§ **AIM OF THE EXERCISE**: The records below are to be returned word for word, with pictures left out.

━━━ DATA PROVIDED ━━━

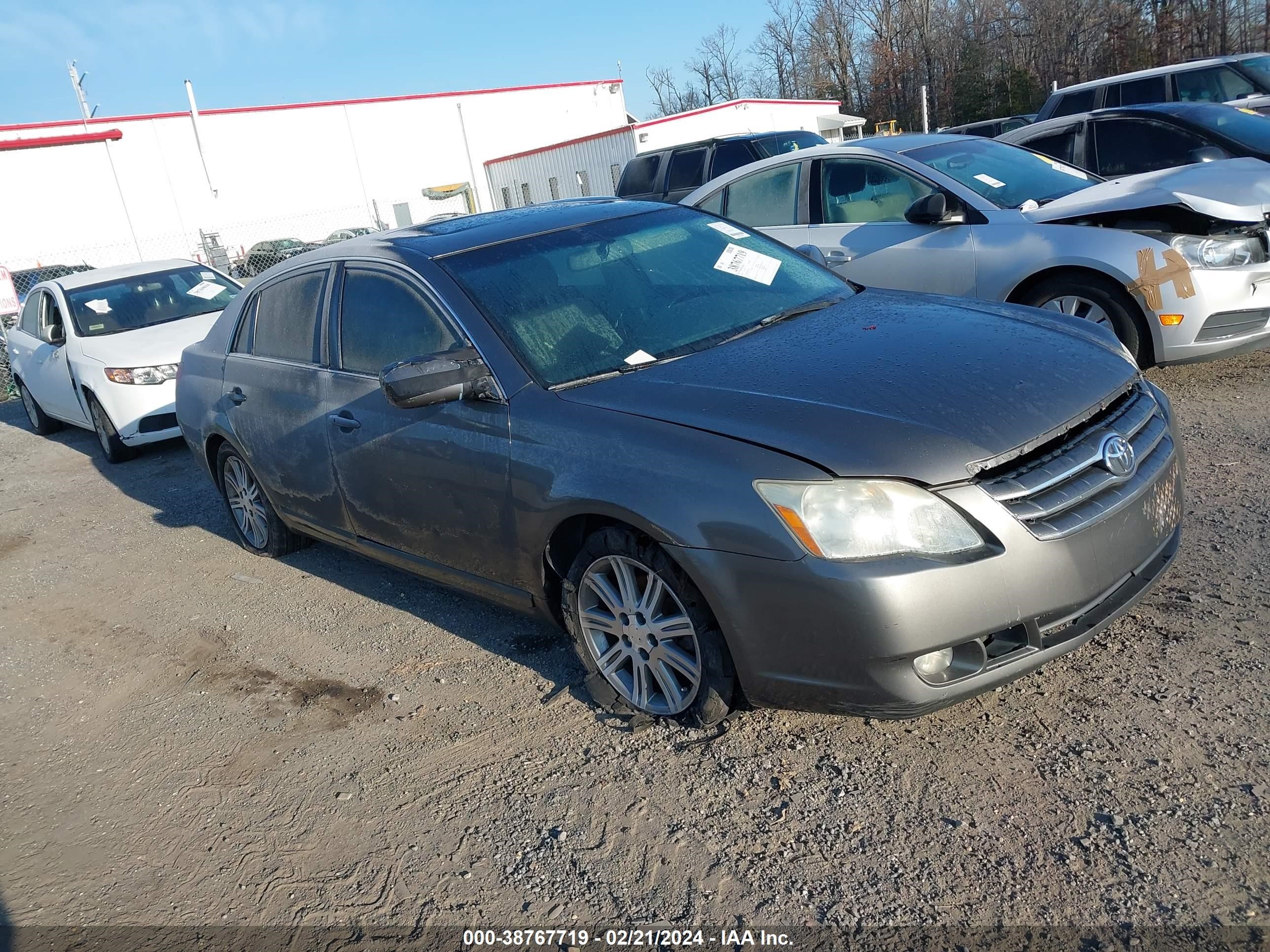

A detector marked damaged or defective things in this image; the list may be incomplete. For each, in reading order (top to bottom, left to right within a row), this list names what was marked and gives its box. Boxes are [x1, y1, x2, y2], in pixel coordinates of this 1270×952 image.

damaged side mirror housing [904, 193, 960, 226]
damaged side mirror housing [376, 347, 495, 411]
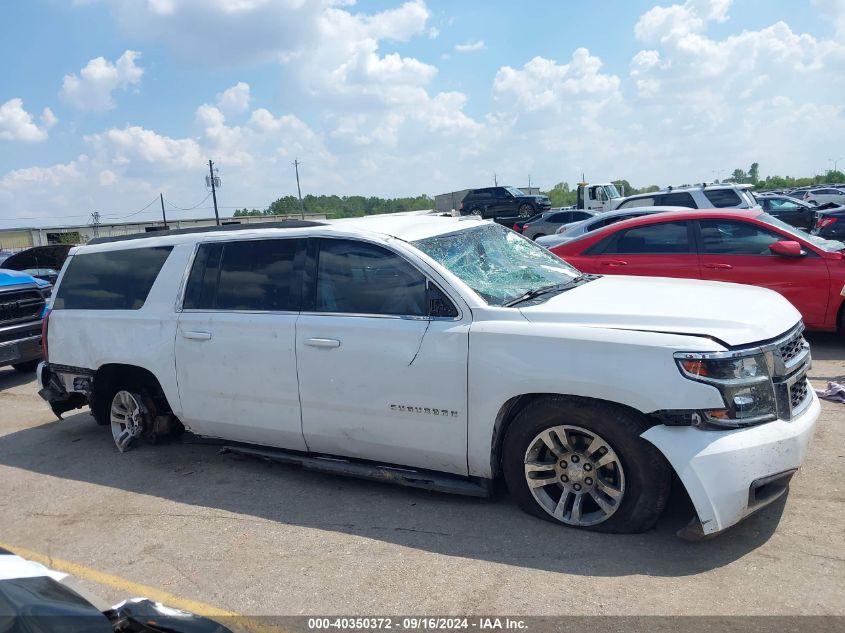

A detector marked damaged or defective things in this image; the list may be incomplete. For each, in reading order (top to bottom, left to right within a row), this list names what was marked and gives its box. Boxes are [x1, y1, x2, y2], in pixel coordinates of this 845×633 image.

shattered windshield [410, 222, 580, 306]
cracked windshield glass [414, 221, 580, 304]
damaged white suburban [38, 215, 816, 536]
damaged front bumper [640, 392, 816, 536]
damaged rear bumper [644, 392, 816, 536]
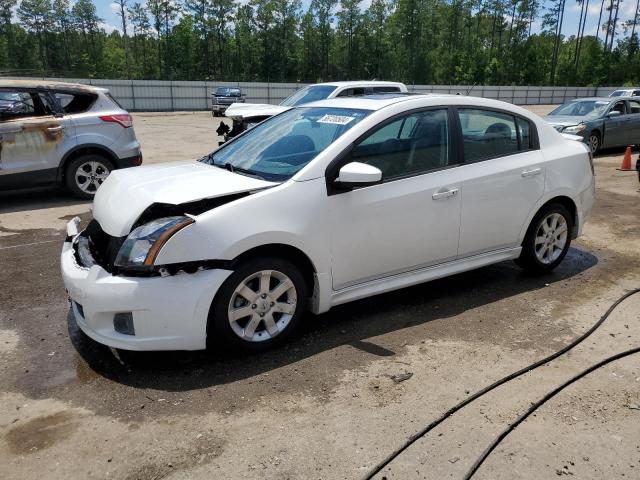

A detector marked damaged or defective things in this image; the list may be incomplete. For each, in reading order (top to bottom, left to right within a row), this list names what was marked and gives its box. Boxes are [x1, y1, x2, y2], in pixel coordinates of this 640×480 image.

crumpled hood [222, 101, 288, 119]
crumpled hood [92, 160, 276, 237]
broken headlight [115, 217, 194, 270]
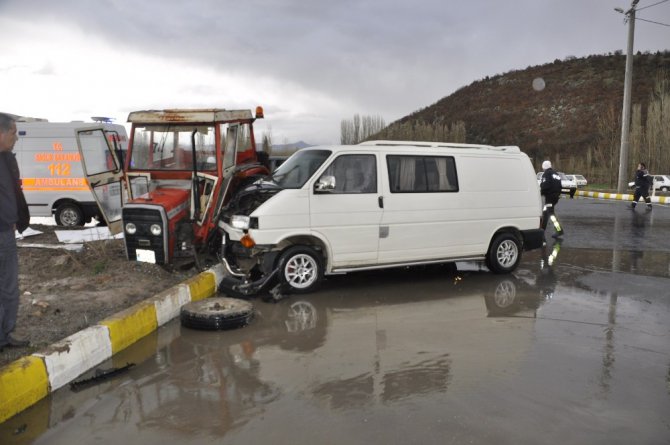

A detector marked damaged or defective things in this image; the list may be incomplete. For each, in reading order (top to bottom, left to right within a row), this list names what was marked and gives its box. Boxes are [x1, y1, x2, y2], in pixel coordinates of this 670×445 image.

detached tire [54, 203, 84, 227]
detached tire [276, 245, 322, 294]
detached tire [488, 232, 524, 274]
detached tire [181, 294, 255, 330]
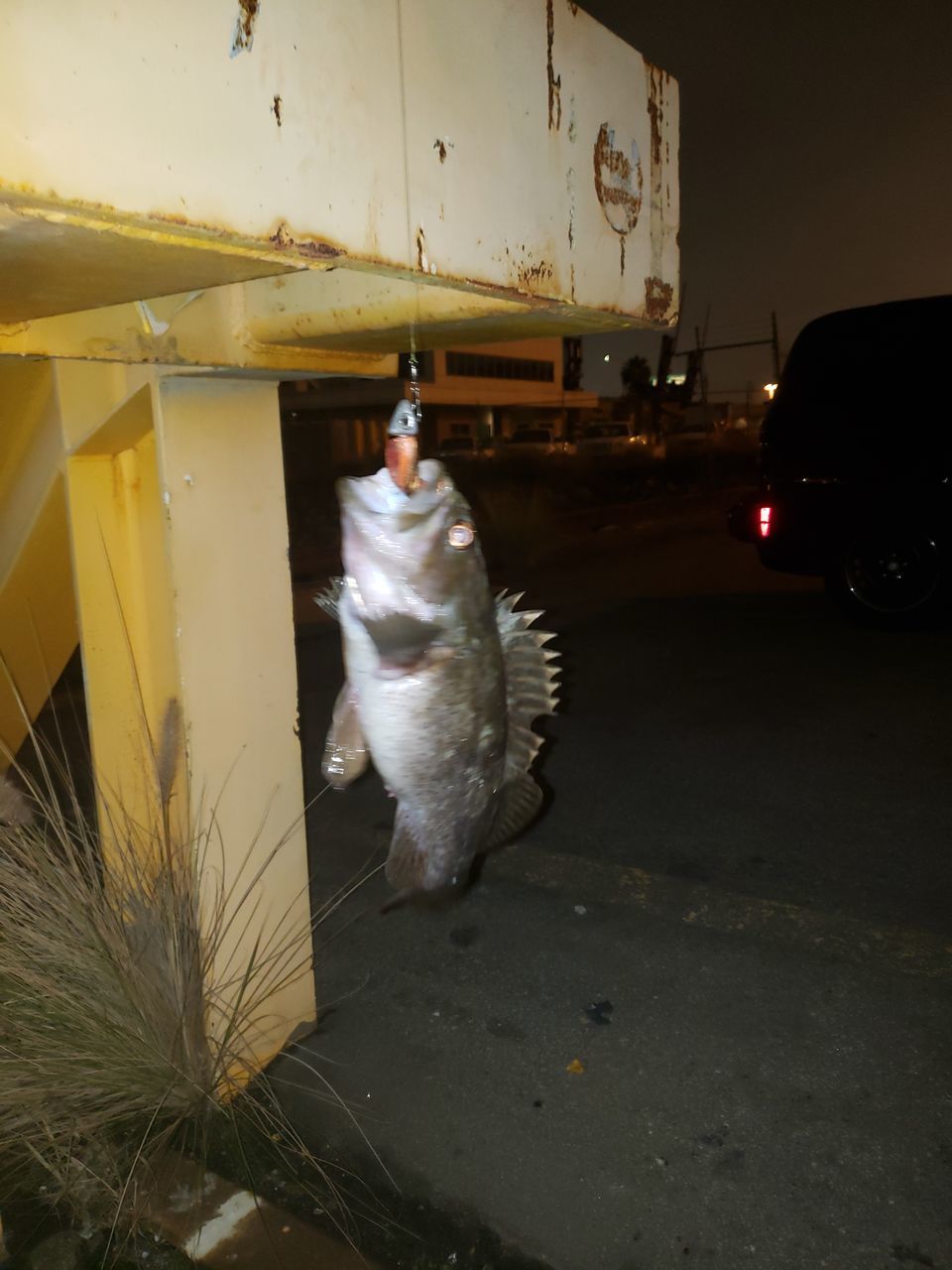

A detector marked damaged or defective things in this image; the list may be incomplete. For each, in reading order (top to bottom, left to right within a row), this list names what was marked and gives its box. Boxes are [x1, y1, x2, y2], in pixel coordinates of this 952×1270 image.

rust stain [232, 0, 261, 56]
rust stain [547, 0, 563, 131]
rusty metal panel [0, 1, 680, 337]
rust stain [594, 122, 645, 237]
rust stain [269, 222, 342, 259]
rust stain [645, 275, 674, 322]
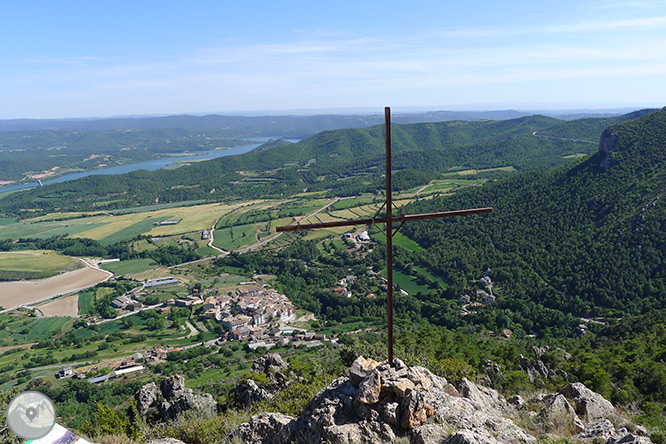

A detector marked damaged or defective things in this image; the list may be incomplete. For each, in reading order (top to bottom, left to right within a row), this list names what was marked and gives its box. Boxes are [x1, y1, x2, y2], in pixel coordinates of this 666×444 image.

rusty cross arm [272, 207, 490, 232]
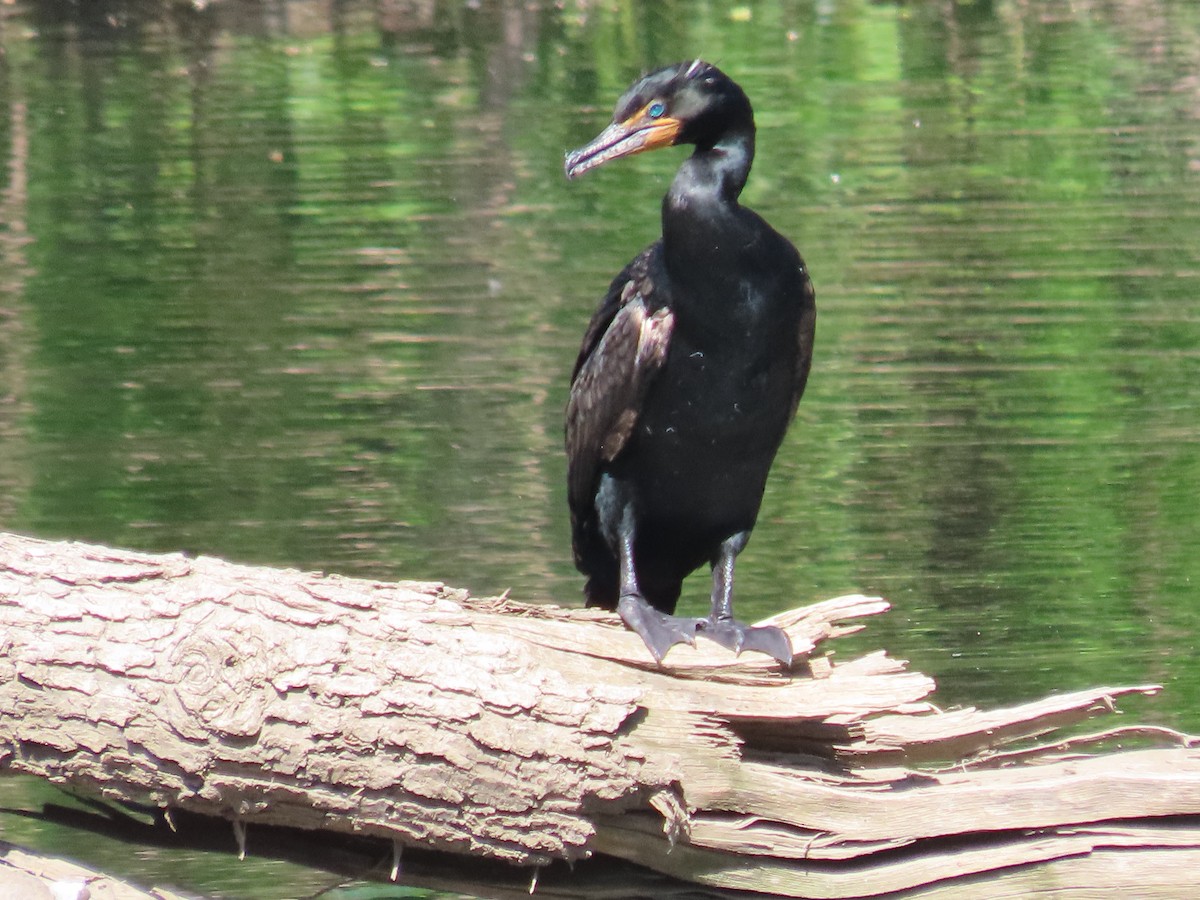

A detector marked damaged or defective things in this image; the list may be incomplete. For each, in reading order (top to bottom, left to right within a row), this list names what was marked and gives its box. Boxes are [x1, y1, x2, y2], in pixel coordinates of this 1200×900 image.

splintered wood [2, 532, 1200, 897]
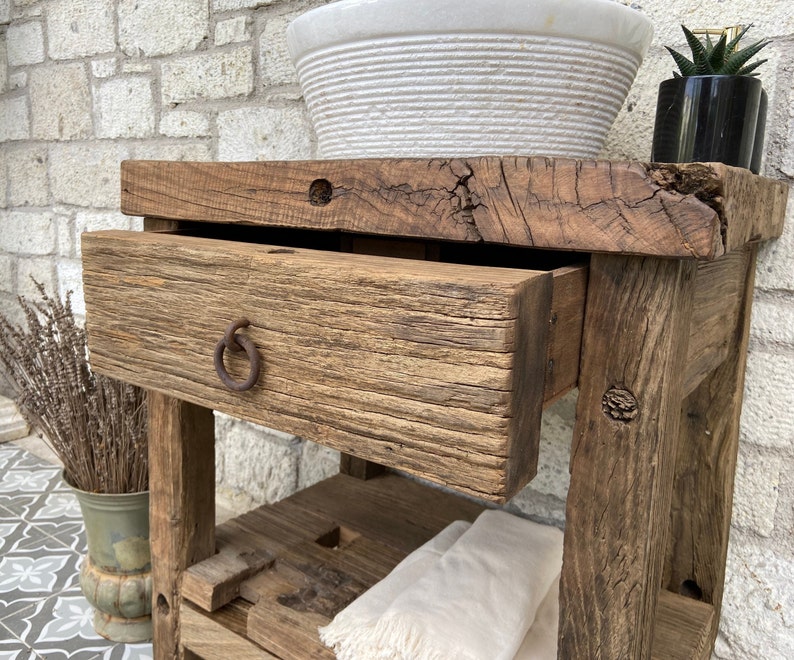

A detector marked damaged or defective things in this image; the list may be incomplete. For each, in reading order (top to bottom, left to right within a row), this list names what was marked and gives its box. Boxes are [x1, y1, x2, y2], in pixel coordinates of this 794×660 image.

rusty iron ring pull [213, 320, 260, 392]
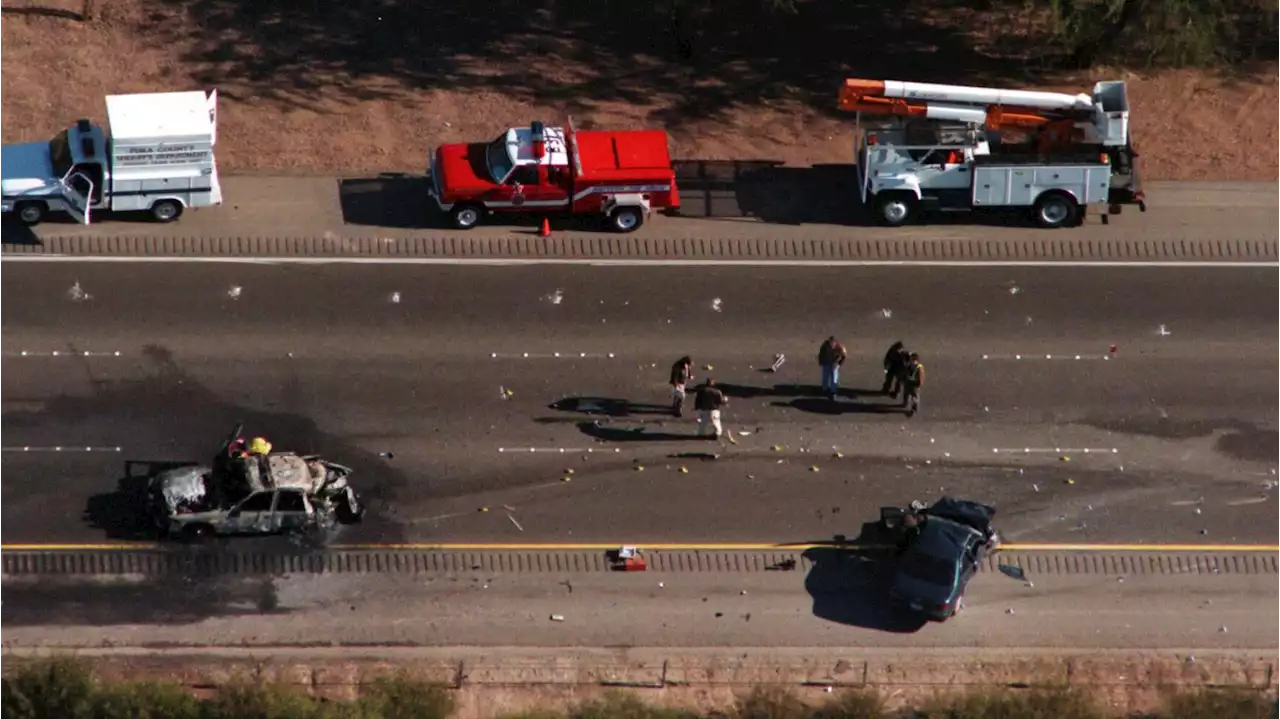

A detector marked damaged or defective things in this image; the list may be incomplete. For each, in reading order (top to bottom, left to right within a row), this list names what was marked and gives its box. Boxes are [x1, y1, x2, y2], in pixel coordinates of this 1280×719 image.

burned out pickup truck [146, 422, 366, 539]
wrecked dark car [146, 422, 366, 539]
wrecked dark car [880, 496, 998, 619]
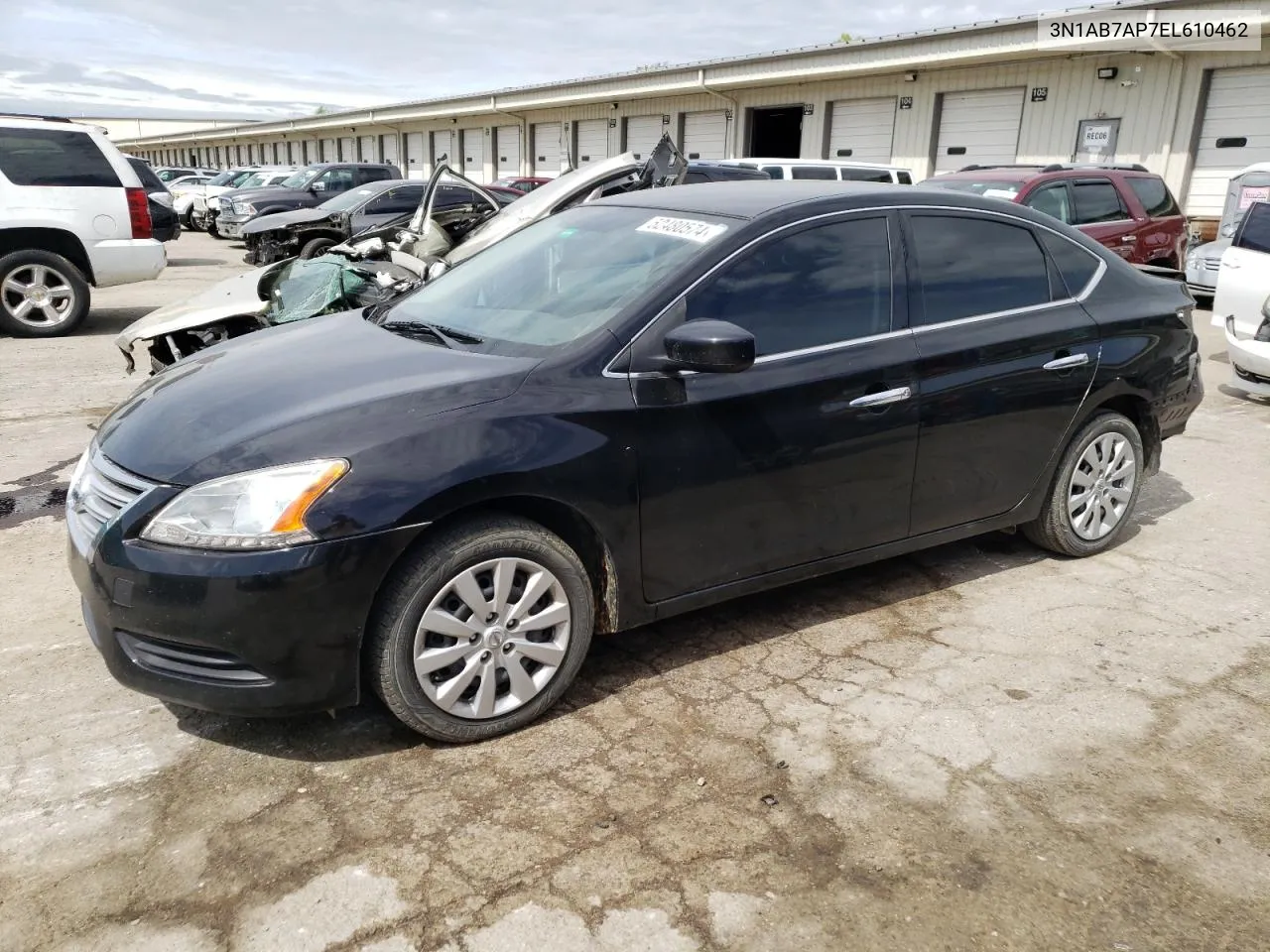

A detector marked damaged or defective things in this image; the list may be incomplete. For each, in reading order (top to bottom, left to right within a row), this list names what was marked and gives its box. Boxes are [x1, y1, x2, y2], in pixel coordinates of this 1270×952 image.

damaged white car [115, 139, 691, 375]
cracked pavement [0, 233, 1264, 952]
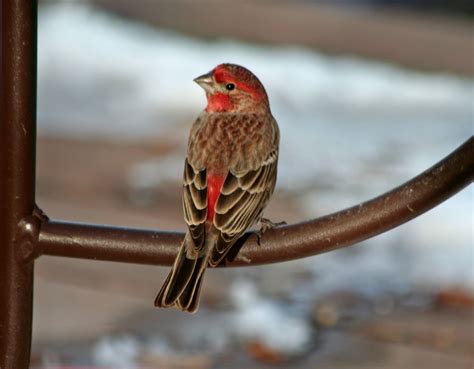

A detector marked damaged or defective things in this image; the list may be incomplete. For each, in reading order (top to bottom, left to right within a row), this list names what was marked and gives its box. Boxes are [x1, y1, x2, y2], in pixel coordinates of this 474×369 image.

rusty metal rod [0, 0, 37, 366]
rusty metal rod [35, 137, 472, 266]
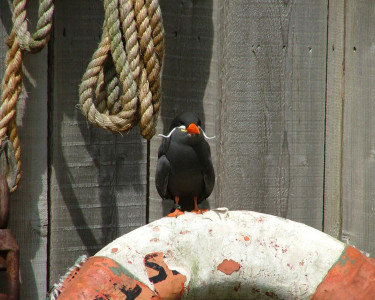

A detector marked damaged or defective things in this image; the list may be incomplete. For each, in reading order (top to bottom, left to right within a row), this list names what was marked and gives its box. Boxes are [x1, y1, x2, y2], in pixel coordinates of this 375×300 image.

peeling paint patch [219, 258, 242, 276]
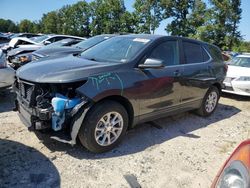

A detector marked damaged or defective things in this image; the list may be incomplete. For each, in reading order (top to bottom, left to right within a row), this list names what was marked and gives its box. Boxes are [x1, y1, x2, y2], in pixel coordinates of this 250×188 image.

━━━

§ **EXERCISE ANSWER**:
A detector marked damaged or defective things in this image; the list may be incomplete. For each, in reading order (top to bottom, left to right within a row), this list names what was marked and gives its box. Boxes are [x1, y1, x2, y2], in pixel coordinates of this 1270×952 image.

damaged side mirror housing [904, 193, 960, 226]
damaged side mirror housing [376, 347, 495, 411]

A detector marked damaged or defective things in this image; the list may be incomplete. For each, in reading order (top to bottom, left to right within a row), this list names what was marked and gives its box. Boxes are [x1, y1, x2, y2], in pixel coordinates of this 845×633 image.

shattered windshield [410, 222, 580, 306]
cracked windshield glass [414, 221, 580, 304]
damaged white suburban [38, 215, 816, 536]
damaged front bumper [640, 392, 816, 536]
damaged rear bumper [644, 392, 816, 536]

A detector marked damaged or defective things in this image; the list may be incomplete. For each, in reading order (top to bottom, left to right within a row), this list names what was marked and gives its box. Boxes are [x1, y1, x2, y2], in pixel coordinates of this 640×480 image.

crumpled hood [222, 101, 288, 119]
crumpled hood [92, 160, 276, 237]
broken headlight [115, 217, 194, 270]

A detector marked damaged or defective things in this image; the list may be incomplete. For each, in reading order (top to bottom, left to right within a row), this list names what was marked and gives its box. Boxes are [x1, y1, x2, y2], in pixel coordinates of this 670×445 image.

detached tire [54, 203, 84, 227]
detached tire [276, 245, 322, 294]
detached tire [488, 232, 524, 274]
detached tire [181, 294, 255, 330]

A detector marked damaged or defective things in this image; the list may be incomplete. For each, in reading order (top to bottom, left to right within a row), this list names what was marked and gives its box. Boxes are [x1, y1, x2, y2], in pixel coordinates of this 952×1270 image.

rust stain [232, 0, 261, 56]
rust stain [547, 0, 563, 131]
rusty metal panel [0, 1, 680, 337]
rust stain [594, 122, 645, 237]
rust stain [269, 222, 342, 259]
rust stain [645, 275, 674, 322]

A detector marked damaged or defective things in this image; the list may be incomplete. For each, in reading order (top to bottom, left to right within a row), this list names what was marked and gives its box. Boxes are [x1, y1, x2, y2], in pixel coordinates of this 666×444 image.

rusty cross arm [272, 207, 490, 232]

A detector marked damaged or defective things in this image; the list may be incomplete. For each, in reading order (top to bottom, left to right within a row), this list names what was marked and gives its box. Boxes are [x1, y1, x2, y2], in pixel coordinates of this 1200×900 image.

splintered wood [2, 532, 1200, 897]

A detector marked damaged or defective things in this image; the list may be incomplete. For each, in reading order (top to bottom, left to right within a row), this list names what was marked and gives its box. Boxes are [x1, y1, x2, y2], in pixel coordinates of this 794×660 image.

rusty iron ring pull [213, 320, 260, 392]

A detector marked damaged or defective things in this image; the list may be incomplete. For each, in reading order (top to bottom, left to right within a row), this list names what was marked and gives its box. Boxes are [x1, y1, x2, y2], in pixel coordinates of this 1280×719 image.

burned out pickup truck [146, 422, 366, 539]
wrecked dark car [146, 422, 366, 539]
wrecked dark car [880, 496, 998, 619]

A detector marked damaged or defective things in this image; the list may be incomplete. For each, in reading order (top to bottom, left to right within a row), this list names what was marked and gives its box. Boxes are [x1, y1, x2, y2], in pixel coordinates of this 1270×952 image.

damaged white car [115, 139, 691, 375]
cracked pavement [0, 233, 1264, 952]

A detector marked damaged or defective things in this image; the list may be incomplete. For each, in reading order (top to bottom, left to right within a row), this list names what was marked and gives its box. Boxes are [x1, y1, x2, y2], in pixel coordinates of this 474×369 image.

rusty metal rod [0, 0, 37, 366]
rusty metal rod [35, 137, 472, 266]

A detector marked damaged or defective things in this image; the list may be incomplete. For each, in reading order (top to bottom, left to right within a row), this list names what was marked and gives its box. Boxes are [x1, y1, x2, y2], in pixel coordinates of this 375×300 image.

peeling paint patch [219, 258, 242, 276]

A detector marked damaged or defective things in this image; the list may be incomplete. For each, in reading order (top to bottom, left to right within a row), this list names what was marked and gives its box. Boxes are [x1, y1, x2, y2], in pixel coordinates of this 250×188 image.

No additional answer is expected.